Nets Will Play in Brooklyn, But None Will Actually Live Here
Brooklyn finally has its own professional sports team, the Brooklyn Nets, starting November 1. But it turns out that exactly none of the players who will use Brooklyn for home court advantage will also be using the borough for a home. Apparently the Brooklyn Flea and kayaking excursions down the Gowanus Canal weren’t enough of a draw?
That’s really surprising!
The New York Times reports on this phenomenon and notes that while Deron Williams might be looking down “from towering billboards and slick subway posters” that say “Hello, Brooklyn!” Williams is also forced to say “‘Goodbye, Brooklyn,’…each night, as he drives back to his Manhattan apartment.”
Where, it is implied, he cries into his pillow, cursing the fact that he needs to live in the borough that no one really cares about anymore, staring out his window at the twinkling lights of the Williamsburgh Savings Bank and the minutes ticking by on that red digital clock by the Brooklyn Bridge, minutes that Williams could be spending living it up in Brooklyn, minutes that he instead spends lying, restless, in his Manhattan apartment.
Well, why doesn’t Williams—why don’t ALL the Nets—just move to Brooklyn?
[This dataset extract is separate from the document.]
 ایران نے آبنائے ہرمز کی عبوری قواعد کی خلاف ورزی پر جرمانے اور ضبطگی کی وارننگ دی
This is their main base of operations now, right? Actually, no. Not really. The Times points out that although the Nets play “44 home games, including the preseason” at the Barclays Center, “they could have 75 days of practice” at their training facility in East Rutheford, NJ. So, in the interest of not wanting to spend countless, seemingly interminable hours commuting back and forth from Brooklyn to New Jersey, many players have opted to live in the Jerz or even Manhattan (as a compromise, Manhattan is always a compromise these days.)
Well, that’s a pretty logical rationale for not living in Brooklyn. Commuting around New York City is bad enough, but adding New Jersey into the equation just makes the situation untenable. And, really, this should have no bearing on how Brooklyn feels about the team. After all, how many Yankees live in the Bronx? How many Mets live in Queens? I don’t know! But probably not a ton.
And it helps to know that some Nets, like Jerry Stackhouse and C.J. Watson, wanted to live in Brooklyn, they just didn’t find it practical with their training schedules. Hopefully, when the contract on the Nets’ training facility in East Rutherford ends in two years, the Nets will have built a new practice space in Brooklyn.
Then we can have some new, taller members of the Food Co-op! It’s a win-win situation, you guys!